We can see that the diagram above the SparkContext is our way of controlling the driver, and then we can use that Spark context to read in a data set like our table of movies above.  That table of movies is *distributed* across the nodes -- a distributed dataset if you will, and because Spark designs the dataset to be recoverable when a given node fails, Spark calls this dataset a Resilient Distributed Dataset, or RDD.  

> So above, the table of movies, distributed across the various nodes is an RDD.

In this lesson, we'll learn how to create our SparkContext -- the entrypoint to our cluster -- as well as our distributed dataset the RDD.

### Building our Spark Context

So as we saw above, our Spark Context is our way of connecting with our Spark cluster.  And we create our Spark Context with the following.

> First, we install the python Pyspark package with the following.

In [4]:
# !pip install pyspark

Now it's time to create the Spark context.

In [19]:
from pyspark import SparkContext, SparkConf

In [98]:
conf = SparkConf().setAppName("films").setMaster("local[2]")
sc = SparkContext.getOrCreate(conf=conf)

So above, we create the SparkContext by specifying the information needed to connect to our spark cluster.  Let's walk through the steps to doing so.

First, we set up some configuration for the spark session.  

In [99]:
conf = SparkConf().setAppName("films").setMaster("local[2]")

Now above, we call `SparkConf().setAppName("films")` to set up our application name, which is just a name that we specify.  And then we use the `setMaster("local[2]")` method to specify the location of the cluster we want to connect to.  Generally, we'll pass in the url to specify this location, but above we are connecting to the cluster on our local computer so we just use the string `"local"`.  The square brackets are there to indicate the number of parallel proccesses we want running.  

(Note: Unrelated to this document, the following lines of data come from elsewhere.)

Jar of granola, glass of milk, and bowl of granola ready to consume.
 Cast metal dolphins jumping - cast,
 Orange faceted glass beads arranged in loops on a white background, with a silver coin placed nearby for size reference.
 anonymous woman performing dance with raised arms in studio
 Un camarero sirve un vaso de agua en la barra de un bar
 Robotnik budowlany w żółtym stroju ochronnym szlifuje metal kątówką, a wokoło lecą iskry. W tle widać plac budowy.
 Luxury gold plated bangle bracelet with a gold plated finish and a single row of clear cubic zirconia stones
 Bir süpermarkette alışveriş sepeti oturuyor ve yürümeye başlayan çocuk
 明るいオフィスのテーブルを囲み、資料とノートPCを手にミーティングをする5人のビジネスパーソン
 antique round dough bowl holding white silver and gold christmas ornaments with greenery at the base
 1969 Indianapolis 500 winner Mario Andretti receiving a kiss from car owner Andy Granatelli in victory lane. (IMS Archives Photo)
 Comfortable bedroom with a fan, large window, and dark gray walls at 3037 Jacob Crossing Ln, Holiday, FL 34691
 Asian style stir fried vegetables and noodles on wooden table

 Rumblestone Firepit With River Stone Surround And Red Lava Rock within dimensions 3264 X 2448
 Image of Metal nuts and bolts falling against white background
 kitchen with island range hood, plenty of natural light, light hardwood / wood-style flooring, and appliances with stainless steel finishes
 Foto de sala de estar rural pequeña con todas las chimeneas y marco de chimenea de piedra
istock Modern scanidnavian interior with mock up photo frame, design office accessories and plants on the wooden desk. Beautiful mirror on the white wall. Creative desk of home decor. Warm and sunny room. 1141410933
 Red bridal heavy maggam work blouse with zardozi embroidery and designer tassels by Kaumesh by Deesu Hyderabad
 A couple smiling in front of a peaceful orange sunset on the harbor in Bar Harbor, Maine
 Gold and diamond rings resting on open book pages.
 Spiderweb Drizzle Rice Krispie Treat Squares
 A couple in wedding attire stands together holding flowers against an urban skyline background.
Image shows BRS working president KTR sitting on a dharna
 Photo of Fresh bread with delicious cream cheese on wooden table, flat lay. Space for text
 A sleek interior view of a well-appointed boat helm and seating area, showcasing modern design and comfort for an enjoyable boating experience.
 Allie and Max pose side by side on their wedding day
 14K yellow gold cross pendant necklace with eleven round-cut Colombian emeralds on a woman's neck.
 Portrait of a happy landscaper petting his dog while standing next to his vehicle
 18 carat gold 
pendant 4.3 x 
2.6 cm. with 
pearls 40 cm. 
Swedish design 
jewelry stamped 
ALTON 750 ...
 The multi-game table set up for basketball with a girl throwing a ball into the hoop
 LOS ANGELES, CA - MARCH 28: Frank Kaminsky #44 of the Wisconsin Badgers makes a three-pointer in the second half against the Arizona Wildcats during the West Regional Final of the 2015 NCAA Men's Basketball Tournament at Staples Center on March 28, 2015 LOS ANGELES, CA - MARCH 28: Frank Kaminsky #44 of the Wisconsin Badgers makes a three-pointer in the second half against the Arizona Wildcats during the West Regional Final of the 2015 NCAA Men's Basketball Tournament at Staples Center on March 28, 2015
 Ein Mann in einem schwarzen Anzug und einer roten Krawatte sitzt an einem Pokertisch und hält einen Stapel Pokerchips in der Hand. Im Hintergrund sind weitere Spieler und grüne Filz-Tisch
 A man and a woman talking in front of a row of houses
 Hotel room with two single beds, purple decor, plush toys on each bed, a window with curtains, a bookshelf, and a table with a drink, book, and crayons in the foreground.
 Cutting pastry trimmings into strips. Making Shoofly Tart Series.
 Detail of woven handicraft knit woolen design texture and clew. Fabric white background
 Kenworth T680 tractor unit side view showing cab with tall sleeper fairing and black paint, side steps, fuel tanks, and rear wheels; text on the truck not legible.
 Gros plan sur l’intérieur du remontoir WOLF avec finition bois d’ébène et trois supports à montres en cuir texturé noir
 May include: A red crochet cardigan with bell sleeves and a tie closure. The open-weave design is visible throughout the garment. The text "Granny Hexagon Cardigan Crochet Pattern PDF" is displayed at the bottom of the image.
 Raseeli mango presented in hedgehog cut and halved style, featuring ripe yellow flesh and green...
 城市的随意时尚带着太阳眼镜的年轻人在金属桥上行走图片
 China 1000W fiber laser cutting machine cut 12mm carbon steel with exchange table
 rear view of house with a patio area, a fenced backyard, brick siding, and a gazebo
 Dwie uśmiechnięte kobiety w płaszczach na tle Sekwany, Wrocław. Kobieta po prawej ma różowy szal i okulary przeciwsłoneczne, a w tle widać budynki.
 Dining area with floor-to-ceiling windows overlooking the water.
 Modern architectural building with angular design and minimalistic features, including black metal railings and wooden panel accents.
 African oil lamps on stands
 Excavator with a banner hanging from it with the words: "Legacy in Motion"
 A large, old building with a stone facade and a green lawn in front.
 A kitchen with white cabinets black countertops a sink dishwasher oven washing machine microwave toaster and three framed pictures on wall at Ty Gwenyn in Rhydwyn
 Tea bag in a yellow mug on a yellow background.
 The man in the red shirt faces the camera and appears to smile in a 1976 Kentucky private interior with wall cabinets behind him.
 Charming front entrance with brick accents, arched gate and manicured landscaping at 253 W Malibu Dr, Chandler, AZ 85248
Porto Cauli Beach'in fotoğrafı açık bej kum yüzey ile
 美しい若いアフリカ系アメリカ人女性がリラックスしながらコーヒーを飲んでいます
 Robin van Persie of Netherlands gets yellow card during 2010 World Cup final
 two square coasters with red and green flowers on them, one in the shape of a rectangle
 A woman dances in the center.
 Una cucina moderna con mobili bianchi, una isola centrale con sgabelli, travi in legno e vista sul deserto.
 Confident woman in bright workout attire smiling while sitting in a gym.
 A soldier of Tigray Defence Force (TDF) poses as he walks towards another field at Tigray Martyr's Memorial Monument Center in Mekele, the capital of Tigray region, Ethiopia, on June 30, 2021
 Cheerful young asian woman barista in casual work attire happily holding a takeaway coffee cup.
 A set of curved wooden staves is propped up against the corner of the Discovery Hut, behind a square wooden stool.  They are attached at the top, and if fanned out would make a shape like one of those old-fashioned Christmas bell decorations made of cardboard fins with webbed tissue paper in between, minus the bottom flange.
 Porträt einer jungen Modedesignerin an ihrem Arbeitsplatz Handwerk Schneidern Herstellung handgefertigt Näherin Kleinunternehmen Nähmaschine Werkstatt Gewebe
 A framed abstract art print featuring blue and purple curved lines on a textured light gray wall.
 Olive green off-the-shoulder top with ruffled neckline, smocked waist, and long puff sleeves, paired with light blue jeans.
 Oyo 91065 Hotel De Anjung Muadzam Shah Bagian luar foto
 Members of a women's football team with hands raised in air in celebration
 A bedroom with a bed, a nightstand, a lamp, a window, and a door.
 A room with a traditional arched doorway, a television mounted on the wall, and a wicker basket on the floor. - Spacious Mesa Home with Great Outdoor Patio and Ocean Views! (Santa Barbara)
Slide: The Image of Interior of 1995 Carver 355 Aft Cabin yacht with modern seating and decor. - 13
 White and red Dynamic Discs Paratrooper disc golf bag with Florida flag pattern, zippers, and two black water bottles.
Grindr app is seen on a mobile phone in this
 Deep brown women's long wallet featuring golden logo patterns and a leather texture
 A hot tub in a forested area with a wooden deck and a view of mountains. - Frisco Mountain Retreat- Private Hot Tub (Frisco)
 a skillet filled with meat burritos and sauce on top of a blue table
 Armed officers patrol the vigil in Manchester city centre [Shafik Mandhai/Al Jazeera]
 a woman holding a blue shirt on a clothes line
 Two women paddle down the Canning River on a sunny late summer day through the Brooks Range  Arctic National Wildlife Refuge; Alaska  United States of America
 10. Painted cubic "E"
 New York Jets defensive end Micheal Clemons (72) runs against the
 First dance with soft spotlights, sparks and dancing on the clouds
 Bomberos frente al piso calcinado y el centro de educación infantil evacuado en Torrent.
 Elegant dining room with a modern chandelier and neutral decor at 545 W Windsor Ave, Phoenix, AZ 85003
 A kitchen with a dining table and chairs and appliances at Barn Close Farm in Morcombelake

> So above we are specifying to processes running on two cores of our computer.  This means that two processes can be running in parallel on our spark cluster.  If we want to use as many cores as are available on our computer we can use `"local[*]"`.

Now that we've created the configuration for our SparkContext, in the second line above, we call the `SparkContext.getOrCreate` method to create a new context.

In [27]:
sc = SparkContext.getOrCreate(conf=conf)

That's it, our SparkContext is all set up.

In [31]:
sc

### Creating an RDD

Once we have created our SparkContext, we can now read in our data from an external resource.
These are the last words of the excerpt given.